Caribbean- Days 6 & 7

The great crossing though the Panama Locks transpired on Day 6. Below is a map of our approximate path through the new locks and the old.

First, we were on a cruise ship going through the first lock at Gatun Locks  (between #1 and #2 below)  then on life boats (aka “ferries”), water shuttles (from #3-#4 below ), buses (dotted road from #4-#9 in Gamboa)) and eventually ferries that took us through the olde Pedro Miguel and the Miraflores Locks (#14-15). 
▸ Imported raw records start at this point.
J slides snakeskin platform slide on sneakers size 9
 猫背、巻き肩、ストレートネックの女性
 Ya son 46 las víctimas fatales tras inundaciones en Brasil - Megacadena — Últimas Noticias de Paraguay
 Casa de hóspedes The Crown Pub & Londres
Entering Port at Colon the Ruby Princess gave us our first acquaintance with the locking process early in the morning, sailing through the the newest installation at Gatun Lake. The lock walls, embedded in the side walls, slid across to block water from the front and back. The moving walls formed the container that would be pumped full of fresh water to raise the enclosed boat 85 feet above the bottom, which is higher than the ocean bottom. The fresh water avoids the ecological clash of merging one ocean’s sea water with the other.

 

Panama Canal - Wikipedia

The trip through the old locks was more adventurous, because we had another touring ferry on one side and a thirty-foot sailboat on the other. The sailboat was lashed to our starboard side, so we didn’t bounce against each other in transit.  So we inched into the Pedro Miguel Lock [#4), and the doors closed behind and in front of us. This time they closed on a hinge, as the early locks did (photograph below).
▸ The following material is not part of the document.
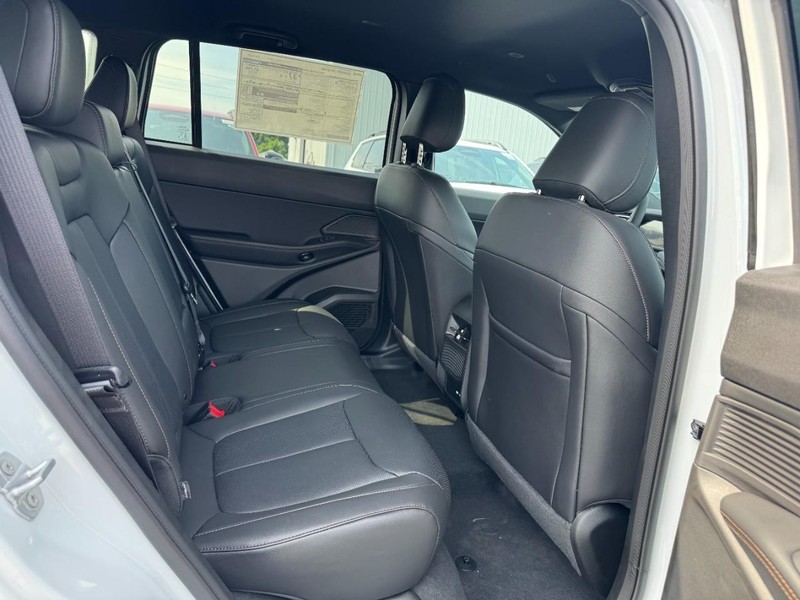 2026 Jeep Cherokee Limited - Photo 5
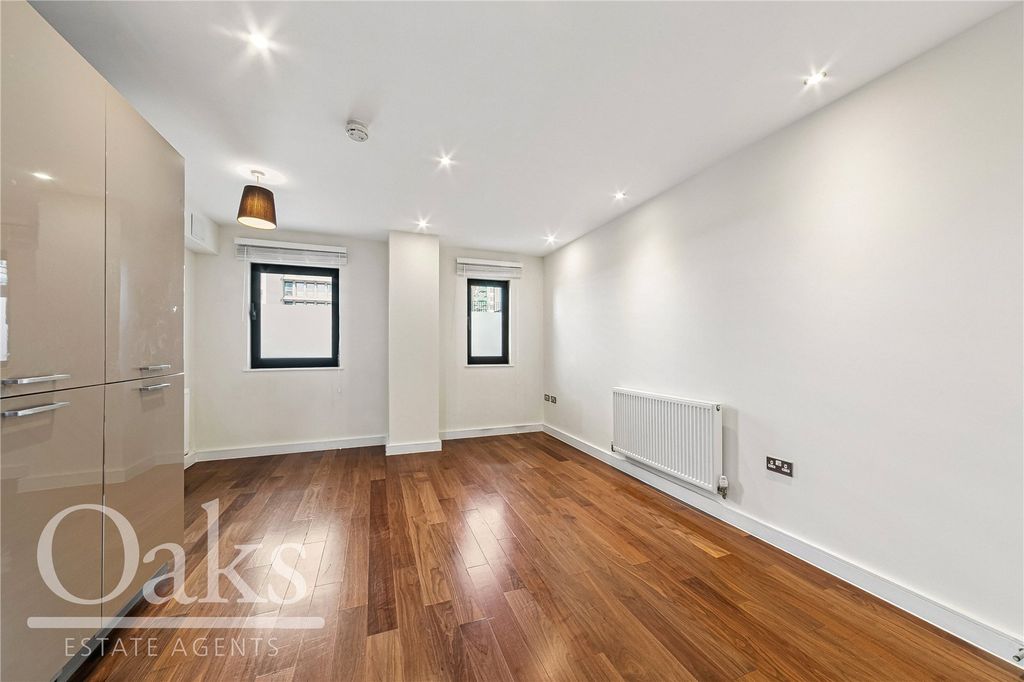 Property photo 3 of 8 Picture No. 02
The entourage cleared the Pedro Miguel lock and spread out as they advanced on the Mirafloras lock (between 14 & 15).  Then back into formation for the second lock. No cubic foot of water was wasted to get four craft though the locks.

We circled Panama City, an impressive skyline with modern skyscrapers. It could be a skyline in Qatar or Dubai, except for the poverty in its shadow, which we got to witness on the bus ride home– one dilapidated building after another. 

City Skyline

The significant message of the day: that immigrants from the barrios of the U.S. and Canada came to Panama to build the canal for $1/ day, plus lodging. The initial locks were completed in 1914, but work continued a century later with the construction of the new locks, completed May 2016.

We bussed back to Colon in time for a late dinner– 8 p.m.